Le ministère chinois du Commerce a publié le 16 décembre sa décision finale concernant son enquête antidumping sur les importations de porc et de sous-produits porcins de l'UE. À compter du 17 décembre et pour une période de cinq ans, la Chine va imposer des droits antidumping sur les importations porcines en provenance du Vieux continent allant de 4,9 à 19,8 % en fonction des entreprises. 

Lire aussi : Porc : « le choix de la Chine de cibler l’agriculture européenne n’est pas anodin »

Toutes les entreprises françaises exportant de la viande et des abats de porc vers la Chine ont néanmoins obtenu leur intégration à la liste des entreprises coopérantes et pourront donc bénéficier de ce taux de taxe de 9,8% pour leurs exportations, rapporte Inaporc, qui se dit soulagé. L'interprofession salue, par communiqué de presse, " l’implication sur ce dossier du Président de la République et des équipes des ministères qui ont permis d’obtenir un taux limité".

La Chine, premier importateur d’abats de porc au monde

La Chine a importé 1,47 million de tonnes (Mt) de produits porcins sur les huit premiers mois de 2025, un volume globalement stable par rapport à la même période de 2024. C’est le premier débouché mondial des abats de porc. Sur cette période, l’Espagne était son principal fournisseur, avec 369 000 tonnes envoyées. En 2024, les entreprises françaises ont, quant à elles, exporté 115 000 de porc vers la Chine, essentiellement des abats. 

Lire aussi : Porc : en Chine, la Russie profite de la guerre commerciale 

Une enquête antidumping démarrée en juin 2024

L’enquête chinoise a début en juin 2024 et s’est déjà traduite par des sanctions provisoires depuis le 10 septembre. Celles-ci prenaient la forme d’un dépôt de garantie avec un taux pouvant aller de 15,6 % à 32,7 % en fonction de la coopération des entreprises avec les services chinois dans le cadre de l’enquête.
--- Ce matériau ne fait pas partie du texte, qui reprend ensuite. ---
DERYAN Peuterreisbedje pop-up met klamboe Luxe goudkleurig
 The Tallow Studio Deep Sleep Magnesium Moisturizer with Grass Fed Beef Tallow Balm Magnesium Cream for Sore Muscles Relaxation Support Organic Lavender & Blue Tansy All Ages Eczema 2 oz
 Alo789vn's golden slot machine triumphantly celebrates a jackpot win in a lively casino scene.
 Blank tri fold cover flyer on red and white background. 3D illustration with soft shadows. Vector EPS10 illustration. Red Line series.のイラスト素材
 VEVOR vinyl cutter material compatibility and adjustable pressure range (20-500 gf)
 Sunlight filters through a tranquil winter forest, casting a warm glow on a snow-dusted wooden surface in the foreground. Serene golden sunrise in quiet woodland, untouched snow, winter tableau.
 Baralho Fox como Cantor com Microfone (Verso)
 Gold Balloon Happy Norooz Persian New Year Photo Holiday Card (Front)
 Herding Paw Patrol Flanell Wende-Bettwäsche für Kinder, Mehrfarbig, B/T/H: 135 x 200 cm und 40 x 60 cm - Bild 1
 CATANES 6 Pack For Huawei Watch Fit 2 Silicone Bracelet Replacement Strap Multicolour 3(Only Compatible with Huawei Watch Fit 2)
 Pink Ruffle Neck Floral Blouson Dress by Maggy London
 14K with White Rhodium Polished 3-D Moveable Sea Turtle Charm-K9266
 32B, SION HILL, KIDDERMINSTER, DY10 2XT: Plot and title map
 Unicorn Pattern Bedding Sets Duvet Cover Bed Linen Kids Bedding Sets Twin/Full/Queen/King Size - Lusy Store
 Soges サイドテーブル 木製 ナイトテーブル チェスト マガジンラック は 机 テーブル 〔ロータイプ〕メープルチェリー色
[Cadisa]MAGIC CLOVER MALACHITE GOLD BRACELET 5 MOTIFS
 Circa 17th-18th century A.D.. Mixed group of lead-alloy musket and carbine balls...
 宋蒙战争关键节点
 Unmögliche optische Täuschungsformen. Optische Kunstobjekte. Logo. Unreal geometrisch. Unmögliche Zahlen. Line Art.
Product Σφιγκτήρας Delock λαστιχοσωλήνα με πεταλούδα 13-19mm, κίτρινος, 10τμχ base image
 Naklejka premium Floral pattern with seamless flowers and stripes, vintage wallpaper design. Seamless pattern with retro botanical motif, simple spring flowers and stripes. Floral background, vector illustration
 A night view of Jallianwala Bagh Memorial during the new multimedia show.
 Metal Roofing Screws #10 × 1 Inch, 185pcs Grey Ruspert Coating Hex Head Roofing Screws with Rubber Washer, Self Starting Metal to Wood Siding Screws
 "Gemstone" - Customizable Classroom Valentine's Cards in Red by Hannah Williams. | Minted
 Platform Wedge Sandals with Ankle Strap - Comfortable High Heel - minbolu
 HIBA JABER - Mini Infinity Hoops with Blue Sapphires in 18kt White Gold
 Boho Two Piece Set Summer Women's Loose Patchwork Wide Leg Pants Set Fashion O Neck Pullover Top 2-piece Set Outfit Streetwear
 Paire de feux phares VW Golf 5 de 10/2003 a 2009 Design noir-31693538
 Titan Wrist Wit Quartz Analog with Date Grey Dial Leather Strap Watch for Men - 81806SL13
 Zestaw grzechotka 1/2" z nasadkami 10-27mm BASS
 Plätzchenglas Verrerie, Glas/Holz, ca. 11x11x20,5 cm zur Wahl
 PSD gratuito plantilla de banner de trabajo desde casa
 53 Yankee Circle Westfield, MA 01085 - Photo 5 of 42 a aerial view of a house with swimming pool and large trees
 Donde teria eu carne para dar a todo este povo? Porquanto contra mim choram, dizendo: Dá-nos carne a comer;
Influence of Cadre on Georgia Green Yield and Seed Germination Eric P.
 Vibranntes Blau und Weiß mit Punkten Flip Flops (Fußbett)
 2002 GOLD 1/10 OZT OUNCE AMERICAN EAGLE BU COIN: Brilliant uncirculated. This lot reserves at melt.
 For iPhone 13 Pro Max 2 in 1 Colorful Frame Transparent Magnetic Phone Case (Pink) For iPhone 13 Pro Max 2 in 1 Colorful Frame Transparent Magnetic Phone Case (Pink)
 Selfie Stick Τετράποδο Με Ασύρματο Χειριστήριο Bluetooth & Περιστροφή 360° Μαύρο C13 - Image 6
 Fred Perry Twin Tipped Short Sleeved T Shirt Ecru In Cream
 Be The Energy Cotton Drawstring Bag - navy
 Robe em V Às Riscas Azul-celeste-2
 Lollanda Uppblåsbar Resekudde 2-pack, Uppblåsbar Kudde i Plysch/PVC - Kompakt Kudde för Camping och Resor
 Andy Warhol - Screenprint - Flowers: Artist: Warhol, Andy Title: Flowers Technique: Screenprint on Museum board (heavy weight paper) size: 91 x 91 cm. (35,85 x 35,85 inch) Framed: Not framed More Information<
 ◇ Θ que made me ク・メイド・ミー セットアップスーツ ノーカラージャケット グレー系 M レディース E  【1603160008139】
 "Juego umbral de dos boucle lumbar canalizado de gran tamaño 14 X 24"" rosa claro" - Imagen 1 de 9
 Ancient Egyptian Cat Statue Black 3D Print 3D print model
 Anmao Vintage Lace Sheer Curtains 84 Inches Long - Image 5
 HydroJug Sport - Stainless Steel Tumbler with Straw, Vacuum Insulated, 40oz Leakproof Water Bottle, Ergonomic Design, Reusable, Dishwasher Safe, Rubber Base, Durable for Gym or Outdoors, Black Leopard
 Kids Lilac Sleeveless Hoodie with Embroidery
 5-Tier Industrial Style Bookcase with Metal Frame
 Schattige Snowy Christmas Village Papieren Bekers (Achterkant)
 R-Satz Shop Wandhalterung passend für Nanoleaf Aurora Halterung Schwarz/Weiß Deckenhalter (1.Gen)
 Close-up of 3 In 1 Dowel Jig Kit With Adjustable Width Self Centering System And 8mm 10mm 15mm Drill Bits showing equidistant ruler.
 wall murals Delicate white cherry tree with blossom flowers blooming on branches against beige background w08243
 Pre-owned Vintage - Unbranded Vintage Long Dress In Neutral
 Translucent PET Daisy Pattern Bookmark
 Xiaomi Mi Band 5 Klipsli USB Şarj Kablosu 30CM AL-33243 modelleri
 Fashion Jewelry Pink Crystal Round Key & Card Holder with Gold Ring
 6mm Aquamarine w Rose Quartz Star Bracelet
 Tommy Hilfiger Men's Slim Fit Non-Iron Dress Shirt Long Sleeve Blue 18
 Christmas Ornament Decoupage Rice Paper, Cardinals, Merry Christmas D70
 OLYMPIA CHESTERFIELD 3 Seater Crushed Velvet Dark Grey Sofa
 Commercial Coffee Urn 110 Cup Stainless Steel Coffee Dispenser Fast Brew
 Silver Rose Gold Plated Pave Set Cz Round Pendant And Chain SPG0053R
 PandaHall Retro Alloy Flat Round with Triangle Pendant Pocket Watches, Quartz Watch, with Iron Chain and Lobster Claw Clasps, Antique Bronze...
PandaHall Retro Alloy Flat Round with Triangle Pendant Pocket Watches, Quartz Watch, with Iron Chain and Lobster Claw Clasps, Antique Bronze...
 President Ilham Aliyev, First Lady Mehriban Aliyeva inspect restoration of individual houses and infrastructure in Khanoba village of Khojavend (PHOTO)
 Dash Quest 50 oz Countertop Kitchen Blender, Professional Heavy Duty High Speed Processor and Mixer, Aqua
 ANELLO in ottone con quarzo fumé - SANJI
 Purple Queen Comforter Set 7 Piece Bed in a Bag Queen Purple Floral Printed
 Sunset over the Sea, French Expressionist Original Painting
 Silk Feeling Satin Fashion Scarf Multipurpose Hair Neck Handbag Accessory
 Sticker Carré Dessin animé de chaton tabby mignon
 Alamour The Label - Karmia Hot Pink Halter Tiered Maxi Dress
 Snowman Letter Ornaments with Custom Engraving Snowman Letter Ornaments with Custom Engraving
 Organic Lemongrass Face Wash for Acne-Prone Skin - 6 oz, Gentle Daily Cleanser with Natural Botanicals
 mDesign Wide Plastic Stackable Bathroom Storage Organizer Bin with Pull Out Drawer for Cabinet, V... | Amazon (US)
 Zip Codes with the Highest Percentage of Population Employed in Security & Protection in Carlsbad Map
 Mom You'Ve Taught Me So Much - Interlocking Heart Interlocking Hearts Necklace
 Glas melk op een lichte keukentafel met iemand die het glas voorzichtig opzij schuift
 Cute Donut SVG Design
Des auditions complémentaires ont eu lieu en octobre.

Deux établissements français viennent d’être agréés pour l’exportation d’abats de porc, portant le total à 4. L'ouverture généralisée pour les entreprises française aux abats blancs de porc tarde donc alors qu'elle a été annoncée il y a plus d'un an et demi.

Lire aussi : Taxes antidumping sur le porc : « cette décision de Pékin, c’est une attaque de toute l’Europe » 

Le marché européen du porc est déjà très secoué par la PPA en Espagne, avec des craintes d’un afflux de viande espagnole.